Infatti, proseguendo sempre con l’insegnamento del CCC, anche le nazioni più ricche sono tenute ad accogliere solo «nella misura del possibile», lo straniero alla ricerca della sicurezza e del benessere giungendo con mezzi di fortuna (o criminali) in un Paese diverso dal suo.

«Le autorità politiche, in vista del bene comune, di cui sono responsabili – conclude il Catechismo –, possono subordinare l’esercizio del diritto di immigrazione a diverse condizioni giuridiche, in particolare al rispetto dei doveri dei migranti nei confronti del paese che li accoglie. L’immigrato è tenuto a rispettare con riconoscenza il patrimonio materiale e spirituale del paese che lo ospita, ad obbedire alle sue leggi, a contribuire ai suoi oneri» (6). Diversamente facendo, le nazioni di approdo dei flussi migratori (come la nostra) si troverebbero in breve arco di tempo a diventare “terra di nessuno”, senza identità, senza coesione, senza tradizione e senza futuro.

No agli intermediari prezzolati, Sì ai mediatori necessari all’integrazione

Anche il “modo” di approdo del migrante andrebbe valutato nella gestione complessiva della questione. Lo ha ripetuto in diverse occasioni Papa Francesco che, elogiando i promotori dei “corridoi umanitari”, «mediatori di una storia di integrazione» a seguito della migrazione e della fuga da contesti di guerra e di crisi economica, ha denunciato scafisti e «intermediari che guadagnano approfittando del bisogno e delle sofferenze. Non siete intermediari ma mediatori, e mostrate che, se si lavora seriamente a porre le basi, è possibile accogliere e integrare efficacemente» (7)

Sono grazie a Dio sempre più frequenti le notizie degli arresti di questi criminali senza scrupolo, fautori di vere e proprie reti internazionali dedite al traffico di esseri umani. Secondo le cronache giudiziarie, all’origine delle sofisticate reti criminali che coordinano le rotte migratorie nel Mediterraneo, vi è un business di dimensioni spaventose, con cifre che vengono chieste ai disperati o malintenzionati che si avventurano su barchini e barconi verso le coste europee variabili tra i 2.000 e i 4.000 euro (8).

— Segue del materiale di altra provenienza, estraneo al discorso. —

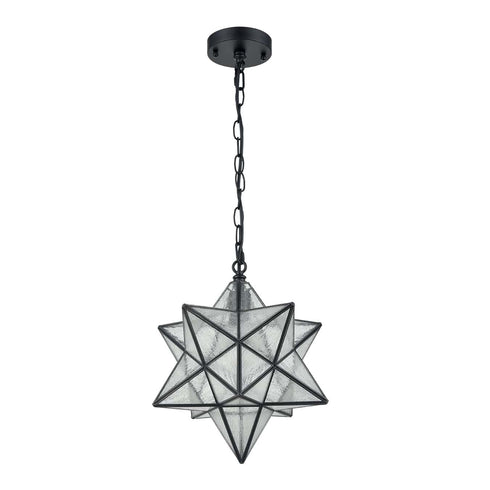 Vintage Moravian Star Seeded Glass Pendant Lights, 14-inch Diameter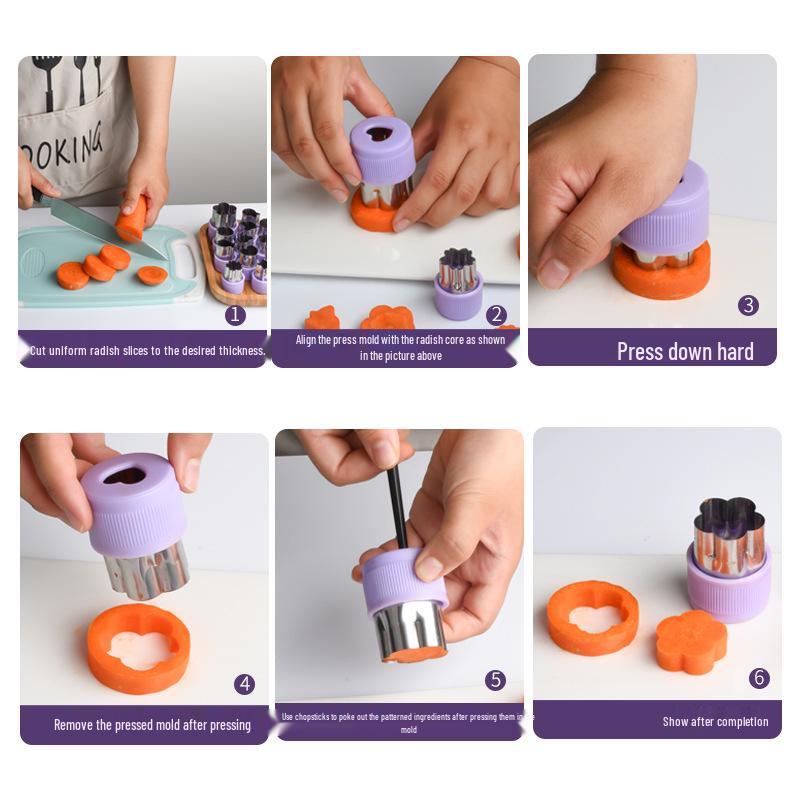 Children's Farfalle Cutter & Fruit/Vegetable Molds Home Baking Set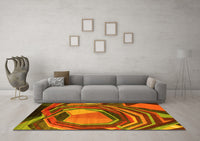 Machine Washable Abstract Yellow Contemporary Rug, wshcon1141yw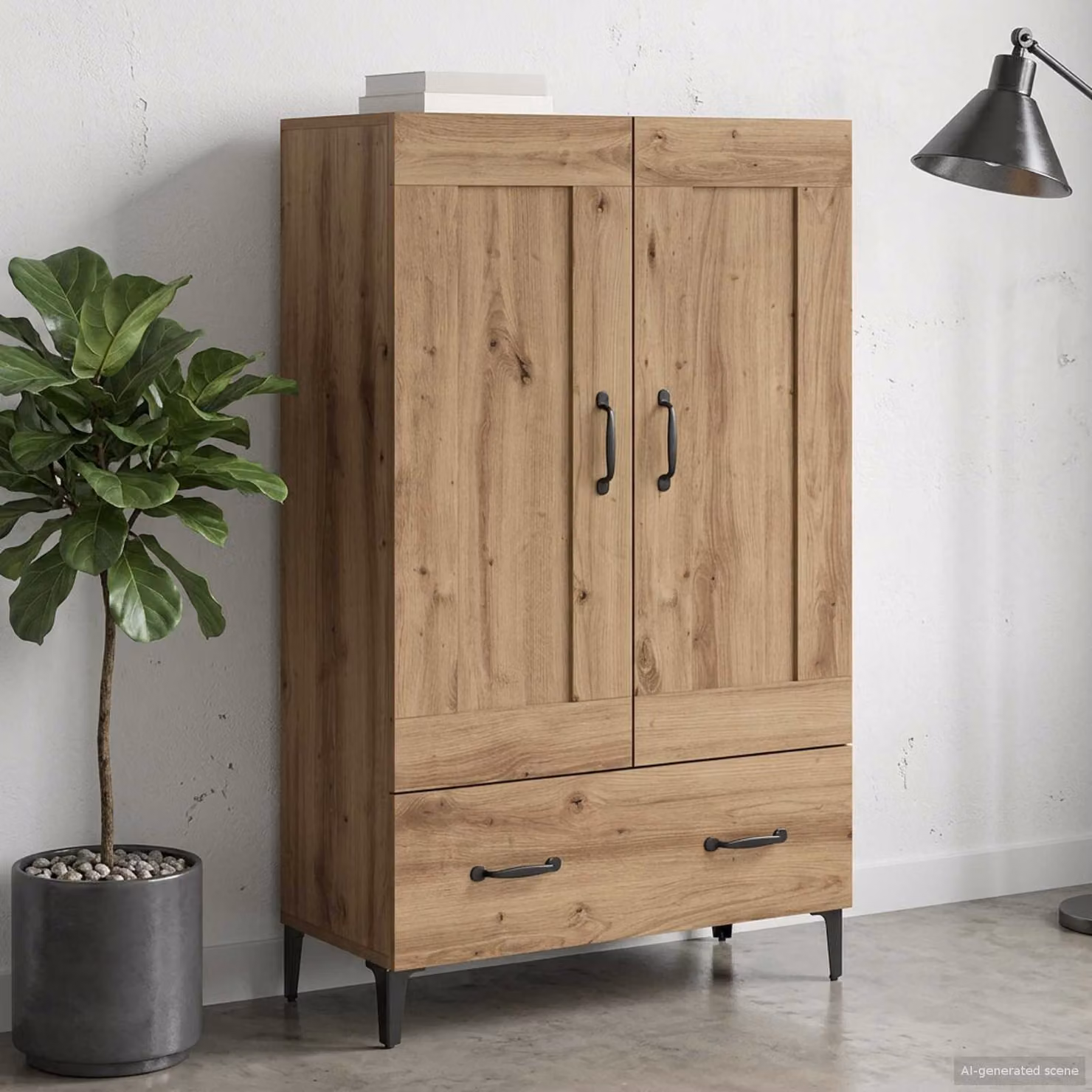 Credenza vidaXL in rovere color marrone con design minimalista, L: 70 cm, P: 31 cm, H: 115 cm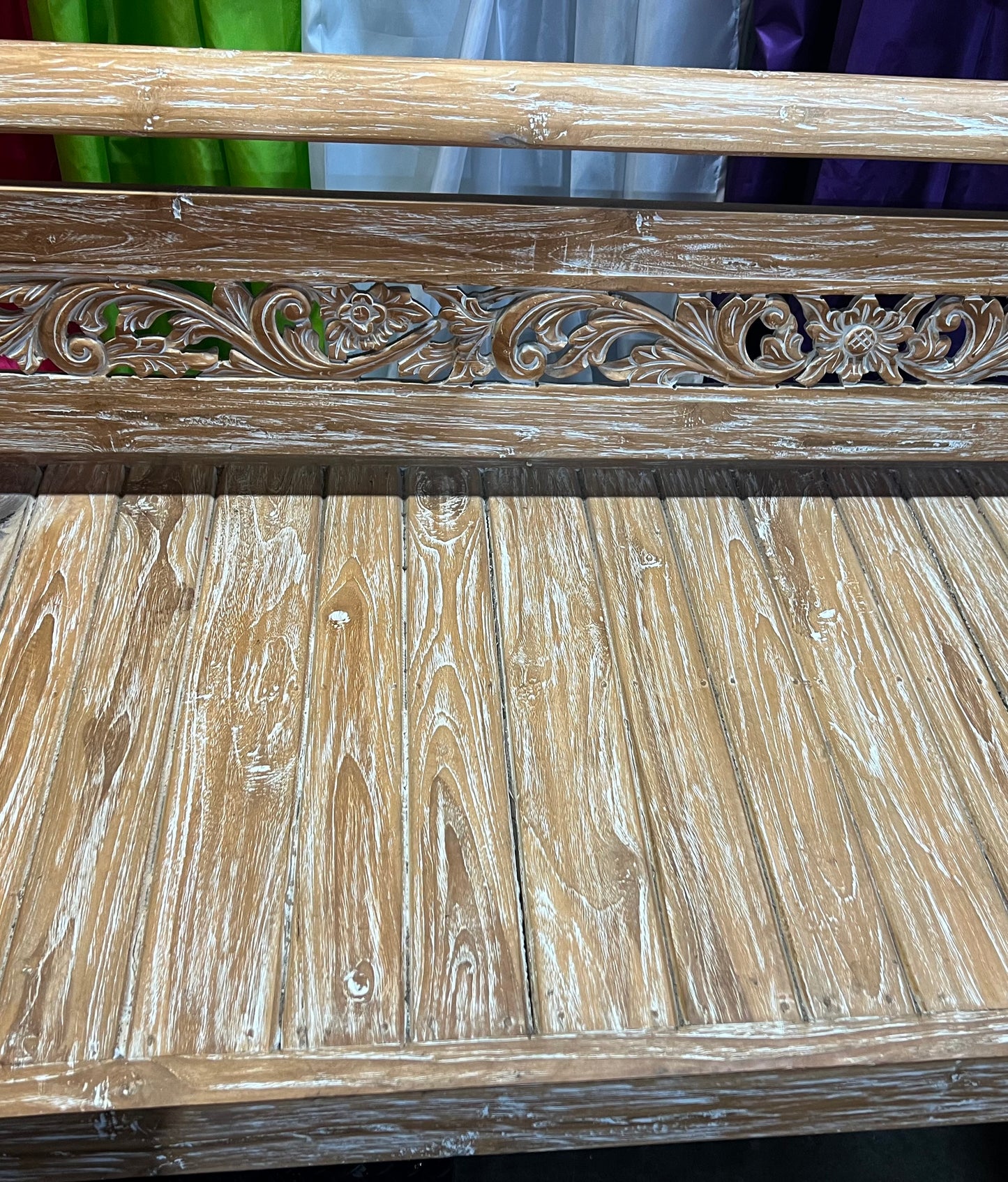Toyo Kuno Recycled Teak Hand Carved  Daybed (natural wash)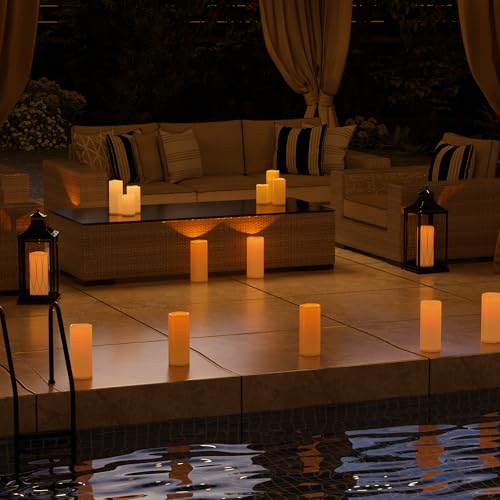 6" 8" 10" x 4" White Large Waterproof Outdoor Flameless Candles Battery Operated LED Flickering Pillar Candles with Remote and Timer for Indoor Outdoor Lanterns (3 Count)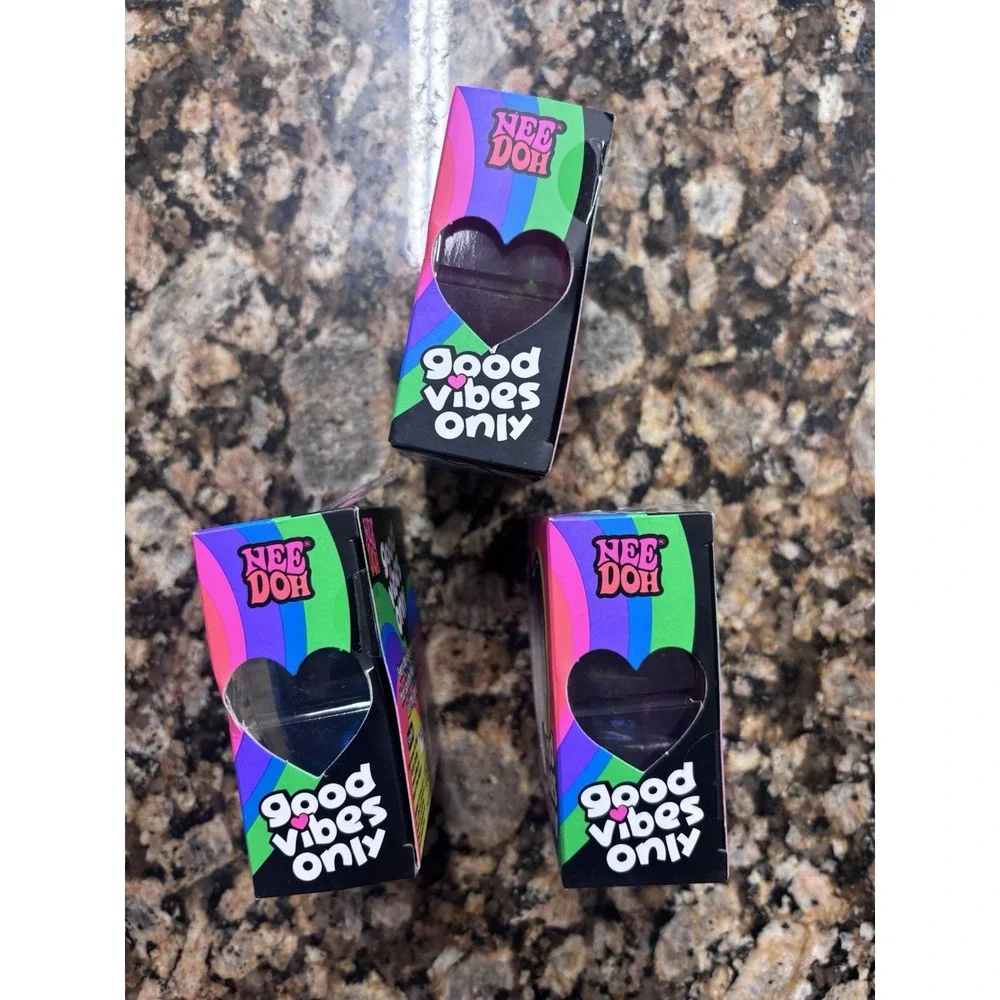 NeeDoh Good Vibes Only Heart Squishy (Pink Purple Blue) AUTHENTIC Lot Of 3
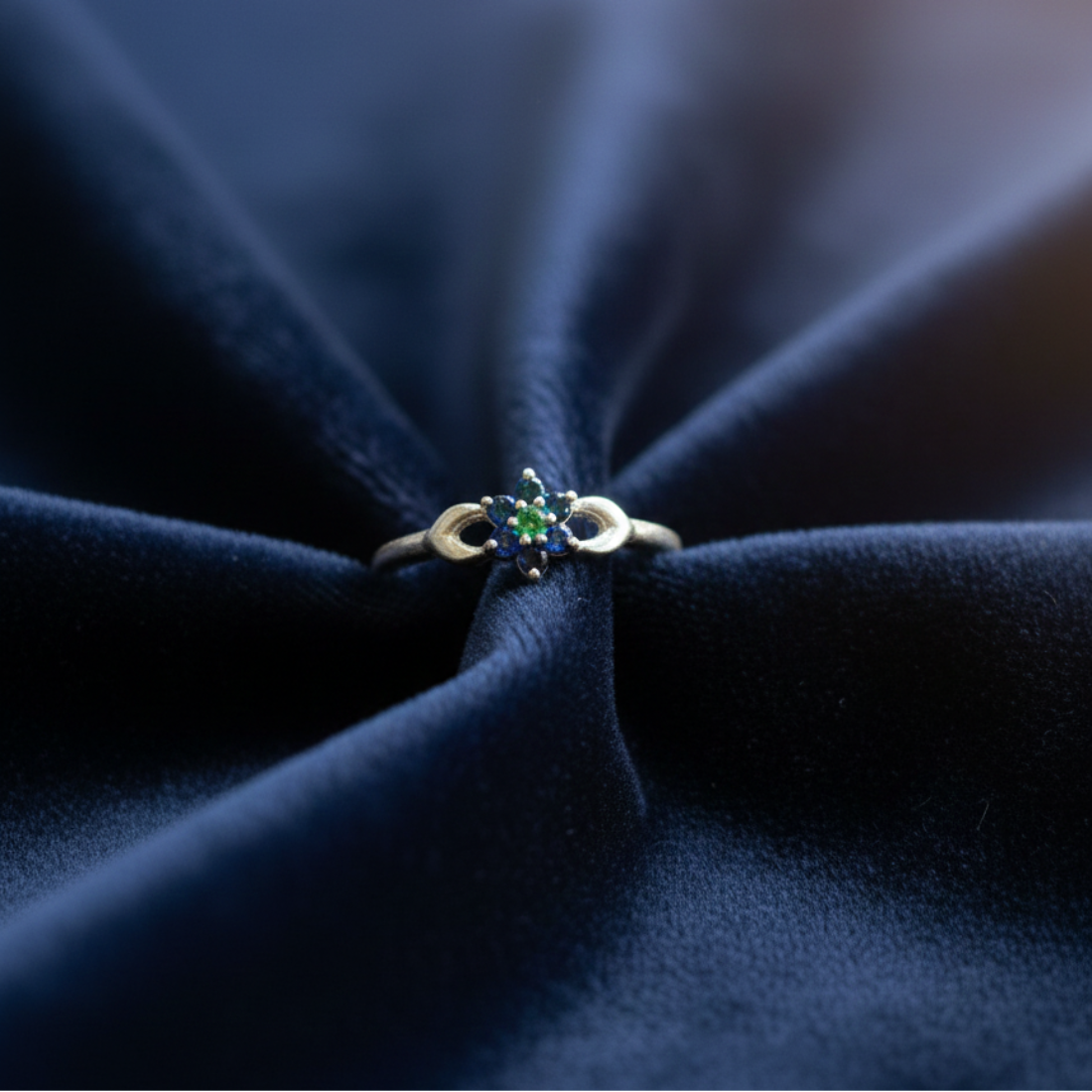 Elegant Silver Ring with Sapphire and Emerald Cluster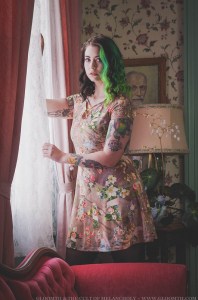 floral memorial cross print fabric dress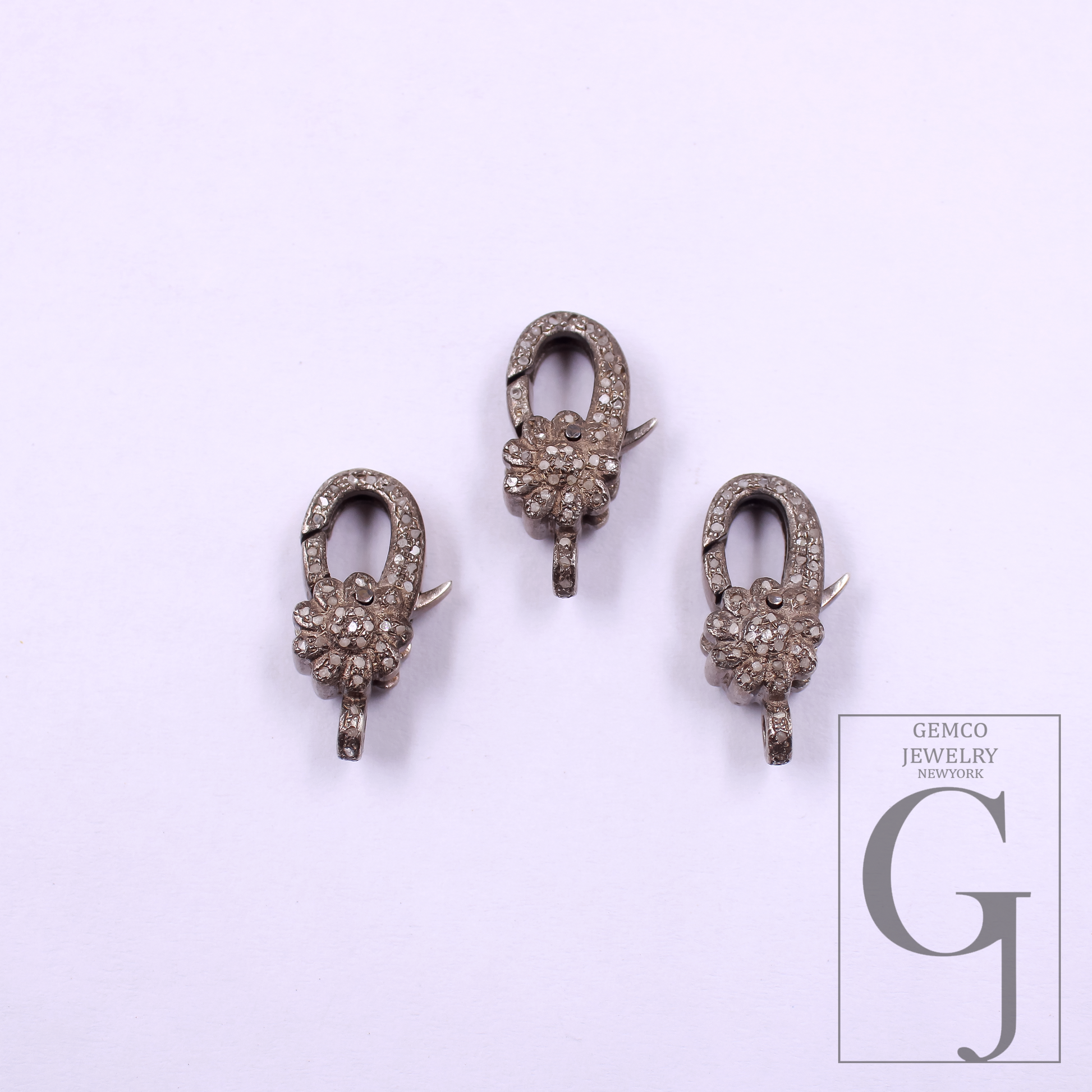 Designer Pave Diamonds Flower Lobster Clasps - 925 Sterling Silver Handmade Finish Clasps For Jewelry Making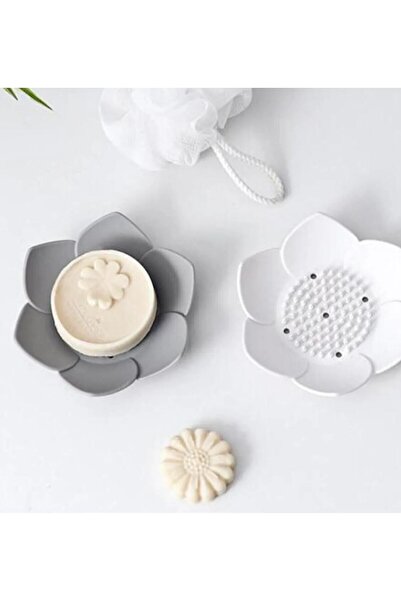 meyre Lotus Desenli Sabunluk Sünger Tutacağı Silikon (BEYAZ) Şık Katı Düzenle...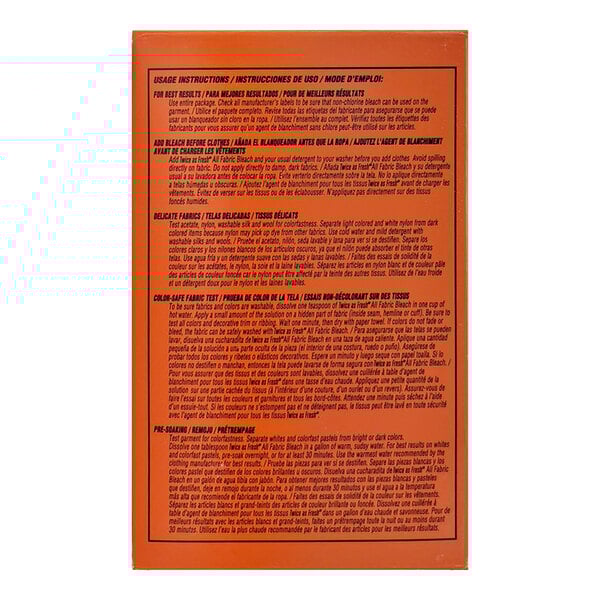 A box of Twice as Fresh 2 oz. color safe bleach powder packets designed for use in coin vending machines.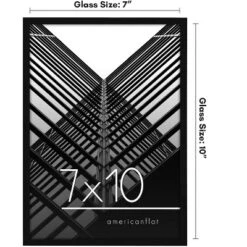 Americanflat 7x10 Picture Frame - Streamline Collection - Thin Border Photo Frame For Tabletop And Wall Display - Black
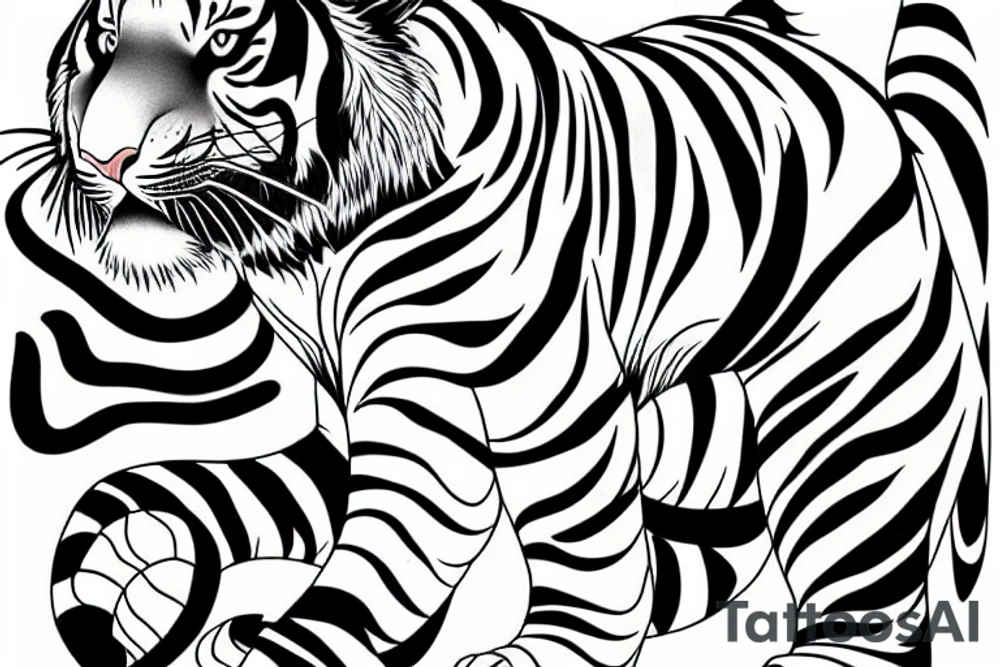 a japanese style tiger walking down tattoo idea a japanese style tiger walking down tattoo idea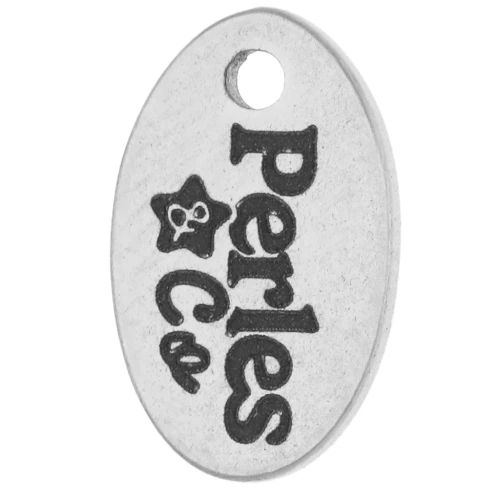 Breloques personnalisées ovale 10x6 mm - Logo complexe - Acier inoxydable 304 x100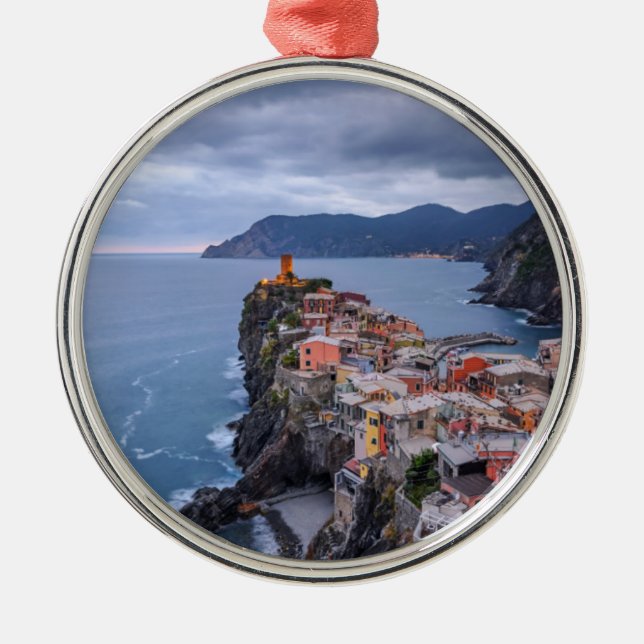 Precis efter solnedgång | Vernazza, Cinque Terre, Julgransprydnad Metall (Framsidan)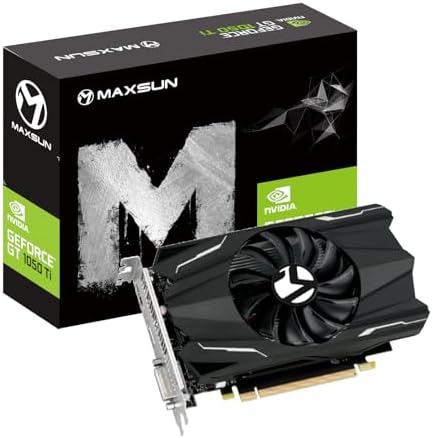 MAXSUN GEFORCE GTX 1050 Ti 4GB GDDR5 128 Bit Video Gaming Graphics Card GPU for Mini ITX Gaming PC, DisplayPort, HDMI, DVI-D, Single Fan Cooling System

Il diritto a non emigrare (il “caso” Albania)

Si capisce bene, dunque, come il tema-immigrazione sia oggi complesso e articolato, e tutte quelle soluzioni semplicistiche che predicano l’accoglienza ad ogni costo e in ogni caso si presentino spesso come irrealistiche e alla lunga irresponsabili. Oltretutto perché per molti emigrare non è una libera scelta, ma l’unica scelta. Papa Giovanni Paolo II ha per primo proclamato in tutta la sua chiarezza il diritto a non emigrare come diritto umano fondamentale valido allo stesso livello di quello di emigrare. Di questo “diritto a non emigrare”, annoverabile ormai a principio della dottrina sociale cattolica sull’immigrazione (attuale), ha parlato più volte anche Papa Francesco, recentemente rivolgendosi ai partecipanti all’ultima Conferenza Internazionale sui Rifugiati e i Migranti promossa dalla Facoltà di Scienze Sociali della Pontificia Università Gregoriana.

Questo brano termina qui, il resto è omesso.